Er zijn een aantal factoren die ervoor zorgen dat men door de fases heen gaat. Praten met iemand die in een hogere fase zit dan jijzelf zou ervoor zorgen dat je je moreel gaat aanpassen. Er ontstaat namelijk een disequilibrum(onbalans) en hierdoor probeer je weer balans te creëren door je morele gedachten aan te passen.

morele en cognitieve ontwikkeling loopt niet samen.

kritiek kohlberg

- Er wordt te veel nadruk gelegd op morele gedachten en niet genoeg op moreel gedrag. Men kan goede gedachten hebben, maar toch fout gedrag tonen.

- Cultuur bias zou aanwezig zijn. Fase 1-4 worden in vele culturen gevonden, maar fase 5 en 6 niet. Ook houdt het score systeem geen rekening met het redeneringslevel van bepaalde culturen. Deze zijn niet gebaseerd op recht, maar op andere waarden die in die cultuur erg belangrijk zijn.


- Kohlberg zei dat ouder-kind relaties niet belangrijk zijn in morele ontwikkeling, maar uit ander onderzoek bleek dat ouders invloed hadden op de morele gedachten van kinderen.


- Er zou gender bias zijn, mannen zouden als norm worden gebruikt. Ook maak Kohlberg gebruik van het justice perspective (rechten van individu) en Gilligan maakt gebruik van het care perspective (hoe zijn mensen gelinkt aan elkaar).  Later: geen bewijs voor gender bias.

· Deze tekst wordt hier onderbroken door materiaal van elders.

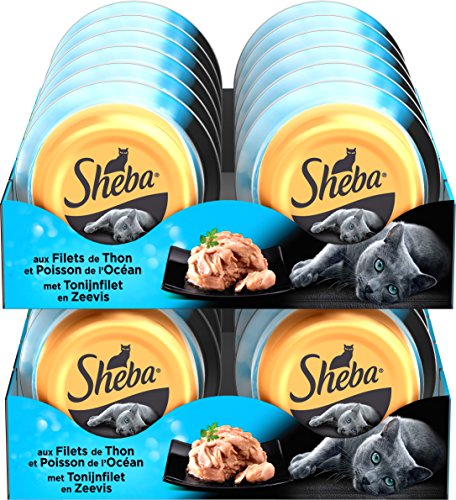 Sheba Dômes pour Chat Adulte – Friandise aux filets de Thon et Poisson de l'océan en Sauce – Barquettes Snack 24 x 80g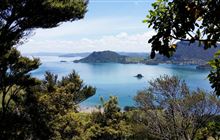 Volunteer with Bream Head Conservation Trust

De social cognitive theory of morality
legt nadruk op de verdeling tussen de vaardigheid om moraal gedrag te vertonen en het werkelijk vertonen van moraal gedrag.
Parental discipline
er zij 3 technieken die door ouders worden gebruikt. Induction wordt aangeraden om te gebruiken omdat het niet focust op de tekortkomingen van de kinderen, maar op de effecten van het gedrag op anderen.- Love withdrawal  ouder geeft het kind even geen aandacht of liefde om het gedrag van het kind onder controle te houden.- Power assertion  ouder probeert controle te krijgen over het kind of de bronnen van het kind door bijv. weghalen van speelgoed.- Induction  een techniek waarbij de ouder redenatie gebruikt en uitlegt hoe het gedrag van het kind invloed heeft op andere kinderen.